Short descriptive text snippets
+--

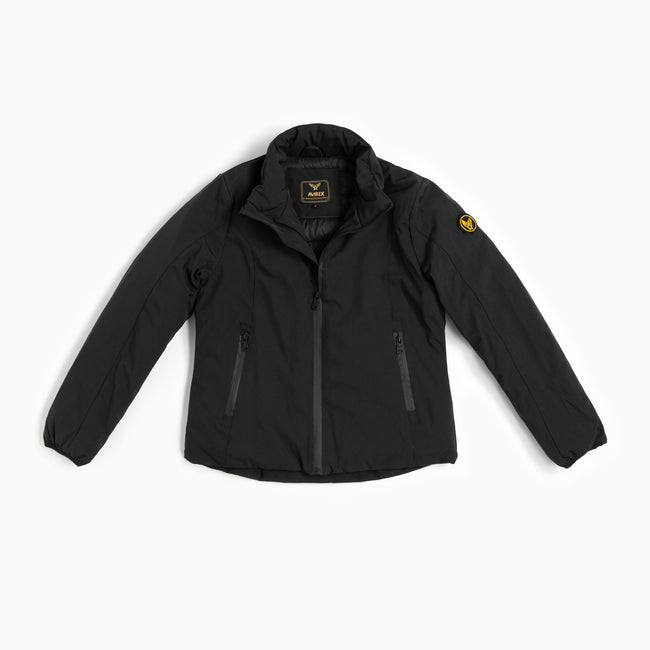 Mini Coat Woman's Jacket - Black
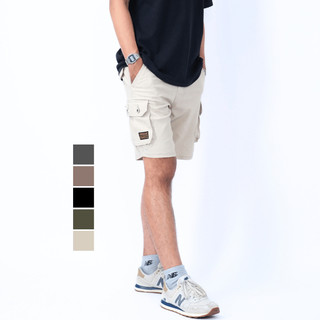 Brandsurf Celana Cargo Pendek Seris. bahan katun Twill Premium Melar dan Strach saat dipakai, Size 28-39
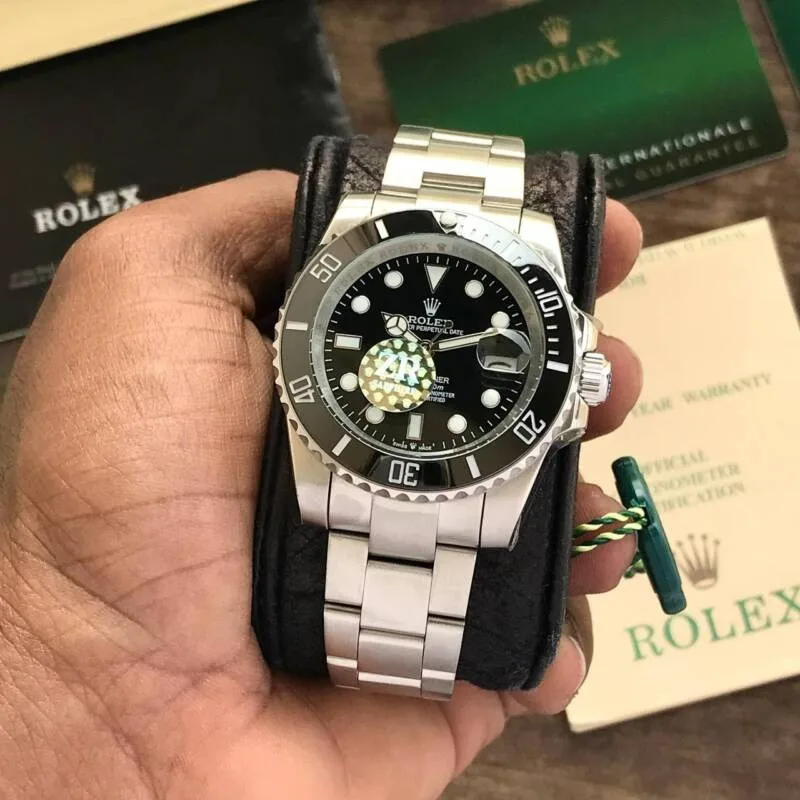 Rolex Submariner Silver Black Dial ZR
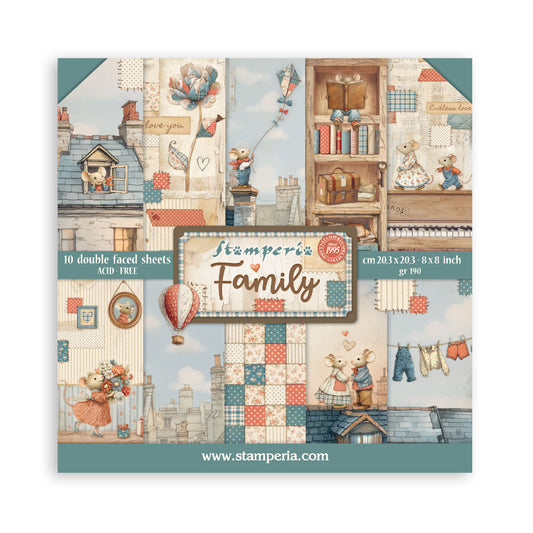 Family 8"x8" Scrapbooking Pad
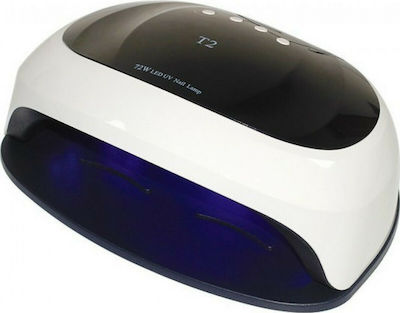 Φωτογραφία προϊόντος: Φουρνάκι Νυχιών T2 White/Black UV/LED 72W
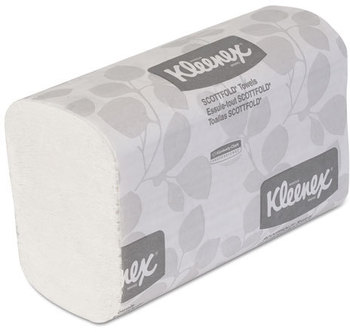 Kleenex® Folded Paper Towels,  7 4/5 x 12 2/5, White, 120/Pack, 25 Packs/Carton
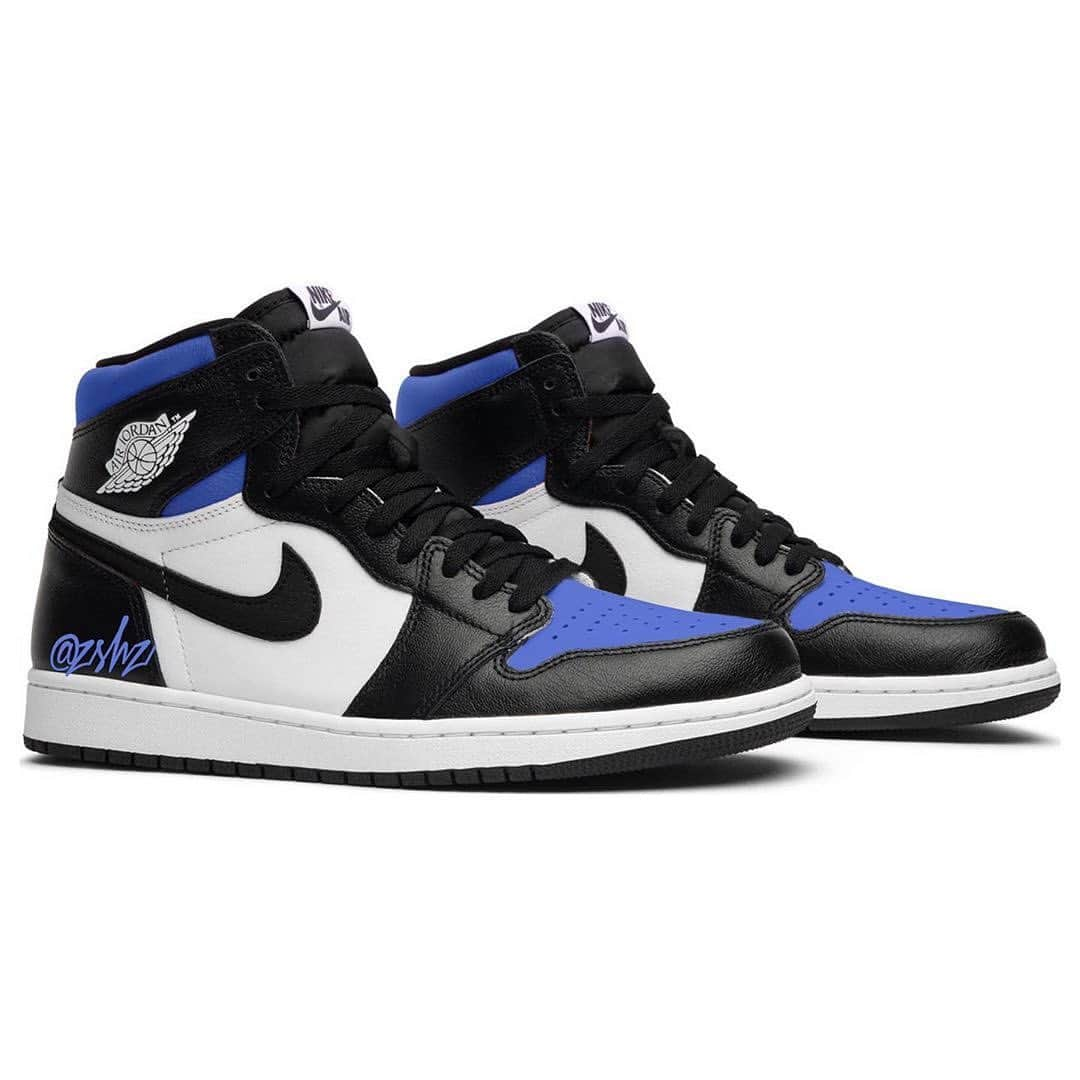 Sneakgalleryさんのインスタグラム写真 - (SneakgalleryInstagram)「SPRING 2020. #GameRoyal AJ1 Air Jordan 1 Retro High OG ⚫️🔵 cc: @soleheatonfeet @zsneakerheadz」6月4日 3時12分 - sneakgallery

+--

### The problem
Write out every entry above exactly, minus the pictures.

### Finished exercise
 Mini Coat Woman's Jacket - Black
 Brandsurf Celana Cargo Pendek Seris. bahan katun Twill Premium Melar dan Strach saat dipakai, Size 28-39
 Rolex Submariner Silver Black Dial ZR
 Family 8"x8" Scrapbooking Pad
 Φωτογραφία προϊόντος: Φουρνάκι Νυχιών T2 White/Black UV/LED 72W
 Kleenex® Folded Paper Towels,  7 4/5 x 12 2/5, White, 120/Pack, 25 Packs/Carton
 Sneakgalleryさんのインスタグラム写真 - (SneakgalleryInstagram)「SPRING 2020. #GameRoyal AJ1 Air Jordan 1 Retro High OG ⚫️🔵 cc: @soleheatonfeet @zsneakerheadz」6月4日 3時12分 - sneakgallery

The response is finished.